= Beginning of Section =
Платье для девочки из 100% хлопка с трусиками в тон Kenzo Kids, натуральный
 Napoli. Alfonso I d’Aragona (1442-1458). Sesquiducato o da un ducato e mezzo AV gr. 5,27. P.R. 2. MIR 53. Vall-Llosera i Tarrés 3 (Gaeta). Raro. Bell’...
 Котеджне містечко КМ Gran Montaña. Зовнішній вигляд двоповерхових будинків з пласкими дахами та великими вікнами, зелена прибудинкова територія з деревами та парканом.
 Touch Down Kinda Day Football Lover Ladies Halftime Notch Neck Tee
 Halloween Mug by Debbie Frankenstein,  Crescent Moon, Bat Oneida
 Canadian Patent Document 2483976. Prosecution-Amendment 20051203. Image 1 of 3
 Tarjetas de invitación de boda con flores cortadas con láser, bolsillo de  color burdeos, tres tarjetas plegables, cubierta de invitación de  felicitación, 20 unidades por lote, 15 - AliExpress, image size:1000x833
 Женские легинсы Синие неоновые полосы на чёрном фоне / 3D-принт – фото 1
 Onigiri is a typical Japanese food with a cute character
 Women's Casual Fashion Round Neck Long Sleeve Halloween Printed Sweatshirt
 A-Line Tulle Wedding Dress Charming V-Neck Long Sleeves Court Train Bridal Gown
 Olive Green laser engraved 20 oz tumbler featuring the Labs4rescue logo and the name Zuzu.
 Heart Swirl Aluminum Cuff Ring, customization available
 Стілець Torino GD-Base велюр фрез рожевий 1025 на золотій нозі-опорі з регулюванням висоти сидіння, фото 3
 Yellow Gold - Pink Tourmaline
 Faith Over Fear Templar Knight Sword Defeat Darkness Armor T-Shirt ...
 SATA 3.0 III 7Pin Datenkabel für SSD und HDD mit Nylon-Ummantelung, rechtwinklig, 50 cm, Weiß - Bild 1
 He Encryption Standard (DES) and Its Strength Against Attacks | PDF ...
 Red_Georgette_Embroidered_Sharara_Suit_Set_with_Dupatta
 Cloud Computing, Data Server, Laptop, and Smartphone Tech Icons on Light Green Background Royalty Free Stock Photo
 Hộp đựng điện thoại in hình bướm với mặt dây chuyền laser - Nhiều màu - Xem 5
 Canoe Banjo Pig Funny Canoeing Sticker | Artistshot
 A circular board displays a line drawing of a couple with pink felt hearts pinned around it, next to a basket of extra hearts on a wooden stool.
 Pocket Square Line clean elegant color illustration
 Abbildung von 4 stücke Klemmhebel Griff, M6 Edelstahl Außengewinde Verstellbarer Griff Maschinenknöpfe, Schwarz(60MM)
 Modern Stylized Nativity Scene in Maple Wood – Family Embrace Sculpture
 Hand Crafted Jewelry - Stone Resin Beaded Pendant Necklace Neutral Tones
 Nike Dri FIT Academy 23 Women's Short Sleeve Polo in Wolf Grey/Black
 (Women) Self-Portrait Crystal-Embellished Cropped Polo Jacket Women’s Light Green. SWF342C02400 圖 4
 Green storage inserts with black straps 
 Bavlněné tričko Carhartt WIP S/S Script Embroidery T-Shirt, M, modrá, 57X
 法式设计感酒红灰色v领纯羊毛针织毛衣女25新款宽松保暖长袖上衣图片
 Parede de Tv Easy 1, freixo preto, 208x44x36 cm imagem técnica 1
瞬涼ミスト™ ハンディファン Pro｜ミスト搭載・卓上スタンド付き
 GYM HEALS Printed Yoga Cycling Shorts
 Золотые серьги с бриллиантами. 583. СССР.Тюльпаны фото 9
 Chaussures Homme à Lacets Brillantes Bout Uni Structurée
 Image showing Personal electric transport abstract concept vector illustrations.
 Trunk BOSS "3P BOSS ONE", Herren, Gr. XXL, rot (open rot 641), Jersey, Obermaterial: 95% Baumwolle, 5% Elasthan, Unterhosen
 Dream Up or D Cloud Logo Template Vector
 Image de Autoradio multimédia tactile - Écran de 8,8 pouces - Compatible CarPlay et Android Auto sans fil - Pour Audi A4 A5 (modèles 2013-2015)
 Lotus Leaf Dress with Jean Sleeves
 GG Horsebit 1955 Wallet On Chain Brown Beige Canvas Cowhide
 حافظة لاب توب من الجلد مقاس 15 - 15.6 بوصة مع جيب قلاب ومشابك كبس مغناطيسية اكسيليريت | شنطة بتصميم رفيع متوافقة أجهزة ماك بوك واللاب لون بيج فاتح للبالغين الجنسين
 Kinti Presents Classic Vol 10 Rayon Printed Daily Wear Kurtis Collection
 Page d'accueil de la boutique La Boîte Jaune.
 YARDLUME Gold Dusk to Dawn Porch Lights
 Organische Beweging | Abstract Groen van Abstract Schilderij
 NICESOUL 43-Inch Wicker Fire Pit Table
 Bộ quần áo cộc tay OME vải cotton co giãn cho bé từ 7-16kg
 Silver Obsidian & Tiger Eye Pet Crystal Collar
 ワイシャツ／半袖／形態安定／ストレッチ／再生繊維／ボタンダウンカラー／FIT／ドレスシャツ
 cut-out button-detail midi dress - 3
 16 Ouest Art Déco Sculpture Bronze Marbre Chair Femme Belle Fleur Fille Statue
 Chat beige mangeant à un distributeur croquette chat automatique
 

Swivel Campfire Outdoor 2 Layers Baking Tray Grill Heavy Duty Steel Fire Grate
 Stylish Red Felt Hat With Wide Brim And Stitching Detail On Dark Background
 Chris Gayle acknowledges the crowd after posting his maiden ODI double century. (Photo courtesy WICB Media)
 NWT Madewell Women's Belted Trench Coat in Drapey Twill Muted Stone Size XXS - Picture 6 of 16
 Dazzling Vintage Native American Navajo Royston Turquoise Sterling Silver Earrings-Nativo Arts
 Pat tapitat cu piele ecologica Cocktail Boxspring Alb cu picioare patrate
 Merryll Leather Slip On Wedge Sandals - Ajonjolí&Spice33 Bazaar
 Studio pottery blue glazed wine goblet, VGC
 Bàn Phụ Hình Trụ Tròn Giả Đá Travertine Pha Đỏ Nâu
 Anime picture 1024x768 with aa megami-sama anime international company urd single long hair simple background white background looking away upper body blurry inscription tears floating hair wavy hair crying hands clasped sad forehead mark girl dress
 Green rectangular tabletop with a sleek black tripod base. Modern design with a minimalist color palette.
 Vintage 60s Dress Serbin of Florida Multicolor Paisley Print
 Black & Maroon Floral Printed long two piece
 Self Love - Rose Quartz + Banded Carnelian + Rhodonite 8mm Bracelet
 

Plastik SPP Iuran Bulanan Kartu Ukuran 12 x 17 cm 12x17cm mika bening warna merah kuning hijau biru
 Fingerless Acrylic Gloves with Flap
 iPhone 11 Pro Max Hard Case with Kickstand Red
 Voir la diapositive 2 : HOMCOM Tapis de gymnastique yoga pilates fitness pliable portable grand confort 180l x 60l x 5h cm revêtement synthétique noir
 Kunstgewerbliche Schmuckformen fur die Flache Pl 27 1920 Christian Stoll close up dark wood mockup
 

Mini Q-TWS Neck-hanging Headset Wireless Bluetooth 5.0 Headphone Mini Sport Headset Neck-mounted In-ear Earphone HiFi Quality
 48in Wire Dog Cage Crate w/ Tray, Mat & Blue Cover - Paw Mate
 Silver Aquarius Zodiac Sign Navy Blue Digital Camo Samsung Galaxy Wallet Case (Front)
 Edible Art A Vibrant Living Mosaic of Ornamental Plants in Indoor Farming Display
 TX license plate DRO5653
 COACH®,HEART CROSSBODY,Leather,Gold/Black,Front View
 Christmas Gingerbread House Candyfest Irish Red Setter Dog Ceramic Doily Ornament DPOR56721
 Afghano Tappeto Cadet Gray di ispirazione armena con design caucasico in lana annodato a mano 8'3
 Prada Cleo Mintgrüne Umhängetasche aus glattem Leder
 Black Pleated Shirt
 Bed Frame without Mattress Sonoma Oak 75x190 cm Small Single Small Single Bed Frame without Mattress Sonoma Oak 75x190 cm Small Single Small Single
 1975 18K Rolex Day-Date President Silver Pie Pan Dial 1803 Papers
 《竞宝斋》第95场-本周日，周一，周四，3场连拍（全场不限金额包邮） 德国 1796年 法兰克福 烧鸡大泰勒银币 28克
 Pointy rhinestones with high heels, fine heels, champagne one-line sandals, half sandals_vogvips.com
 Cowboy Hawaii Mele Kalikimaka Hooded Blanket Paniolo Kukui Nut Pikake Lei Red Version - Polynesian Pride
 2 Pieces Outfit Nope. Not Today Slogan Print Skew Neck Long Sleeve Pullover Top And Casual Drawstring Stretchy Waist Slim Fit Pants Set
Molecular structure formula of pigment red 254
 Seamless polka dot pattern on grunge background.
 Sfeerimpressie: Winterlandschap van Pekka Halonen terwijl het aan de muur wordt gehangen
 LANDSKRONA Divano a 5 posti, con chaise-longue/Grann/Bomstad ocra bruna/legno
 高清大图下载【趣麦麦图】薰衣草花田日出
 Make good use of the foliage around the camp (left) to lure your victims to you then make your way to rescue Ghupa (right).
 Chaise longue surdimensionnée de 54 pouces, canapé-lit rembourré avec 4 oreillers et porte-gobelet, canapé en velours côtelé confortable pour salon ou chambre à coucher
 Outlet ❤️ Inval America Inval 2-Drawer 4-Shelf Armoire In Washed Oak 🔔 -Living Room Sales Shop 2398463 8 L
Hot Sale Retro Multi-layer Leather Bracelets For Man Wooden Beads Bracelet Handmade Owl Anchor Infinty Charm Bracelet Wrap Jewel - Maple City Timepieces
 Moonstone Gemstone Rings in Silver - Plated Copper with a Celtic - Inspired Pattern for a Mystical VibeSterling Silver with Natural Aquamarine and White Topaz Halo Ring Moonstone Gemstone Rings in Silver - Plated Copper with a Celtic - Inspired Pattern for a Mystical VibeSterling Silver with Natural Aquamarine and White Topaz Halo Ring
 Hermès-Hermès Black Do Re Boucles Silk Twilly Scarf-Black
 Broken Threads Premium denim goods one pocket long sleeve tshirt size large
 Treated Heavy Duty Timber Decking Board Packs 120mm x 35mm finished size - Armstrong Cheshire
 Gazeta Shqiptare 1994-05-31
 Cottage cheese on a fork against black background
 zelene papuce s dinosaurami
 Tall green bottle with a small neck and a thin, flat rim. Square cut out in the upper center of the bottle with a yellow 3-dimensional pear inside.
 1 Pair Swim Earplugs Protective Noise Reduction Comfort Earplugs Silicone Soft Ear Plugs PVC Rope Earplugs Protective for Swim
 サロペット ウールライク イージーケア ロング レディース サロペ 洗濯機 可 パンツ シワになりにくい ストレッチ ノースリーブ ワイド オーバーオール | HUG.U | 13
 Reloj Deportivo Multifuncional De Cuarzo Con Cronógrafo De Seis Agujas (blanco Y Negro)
= End of Section =
• Your objective
Go back to the start of the listing above. Reproduce each line exactly, ending with the line that contains "Котеджне містечко КМ".

• Worked solution
Платье для девочки из 100% хлопка с трусиками в тон Kenzo Kids, натуральный
 Napoli. Alfonso I d’Aragona (1442-1458). Sesquiducato o da un ducato e mezzo AV gr. 5,27. P.R. 2. MIR 53. Vall-Llosera i Tarrés 3 (Gaeta). Raro. Bell’...
 Котеджне містечко КМ Gran Montaña. Зовнішній вигляд двоповерхових будинків з пласкими дахами та великими вікнами, зелена прибудинкова територія з деревами та парканом.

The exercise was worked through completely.